**Work instruction**
Would you restate the full listing word for word and omit its pictures?

**Source data**

══════

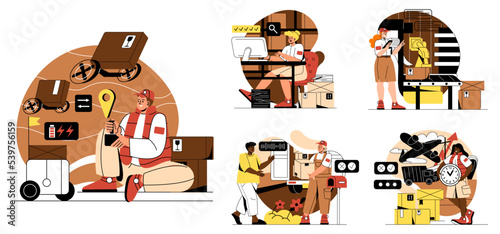 Global logistics or international shipping. Courier service staff store goods in warehouse and deliver them to customers. Import or export cargo by plane or truck. Cartoon flat vector collection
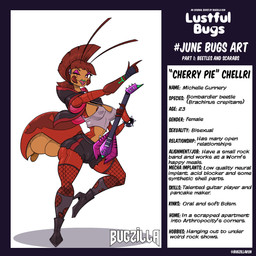 antennae_(anatomy) anthro areola areola_slip arthropod_abdomen boots bottomwear bracelet clothed clothing coat cybernetic_limb cybernetics electric_guitar eyeshadow female fishnet_clothing fishnet_legwear footwear guitar high_heeled_boots high_heels holding_musical_instrument holding_object jewelry legwear lipstick long_antennae machine makeup mandibles midriff mohawk musical_instrument navel navel_piercing nipple_slip one_eye_closed orange_body piercing plucked_string_instrument red_eyes shirt shoes shorts simple_background socks solo spiked_bracelet spikes string_instrument tank_top text tongue tongue_piercing topwear torn_bottomwear torn_clothing torn_footwear torn_shorts torn_socks white_background wide_hips wink bugzilla arthropod beetle insect 1:1 absurd_res english_text hi_res model_sheet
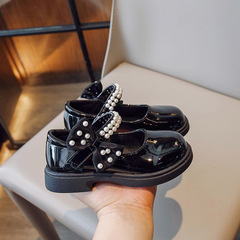 Children's Four Seasons Small Leather Shoes, Girls' Single Shoes, Student Performance Black Shoes, Butterfly Soft Sole, Princess Shoes with Velcro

══════

**Answer to the exercise**
 Global logistics or international shipping. Courier service staff store goods in warehouse and deliver them to customers. Import or export cargo by plane or truck. Cartoon flat vector collection
 antennae_(anatomy) anthro areola areola_slip arthropod_abdomen boots bottomwear bracelet clothed clothing coat cybernetic_limb cybernetics electric_guitar eyeshadow female fishnet_clothing fishnet_legwear footwear guitar high_heeled_boots high_heels holding_musical_instrument holding_object jewelry legwear lipstick long_antennae machine makeup mandibles midriff mohawk musical_instrument navel navel_piercing nipple_slip one_eye_closed orange_body piercing plucked_string_instrument red_eyes shirt shoes shorts simple_background socks solo spiked_bracelet spikes string_instrument tank_top text tongue tongue_piercing topwear torn_bottomwear torn_clothing torn_footwear torn_shorts torn_socks white_background wide_hips wink bugzilla arthropod beetle insect 1:1 absurd_res english_text hi_res model_sheet
 Children's Four Seasons Small Leather Shoes, Girls' Single Shoes, Student Performance Black Shoes, Butterfly Soft Sole, Princess Shoes with Velcro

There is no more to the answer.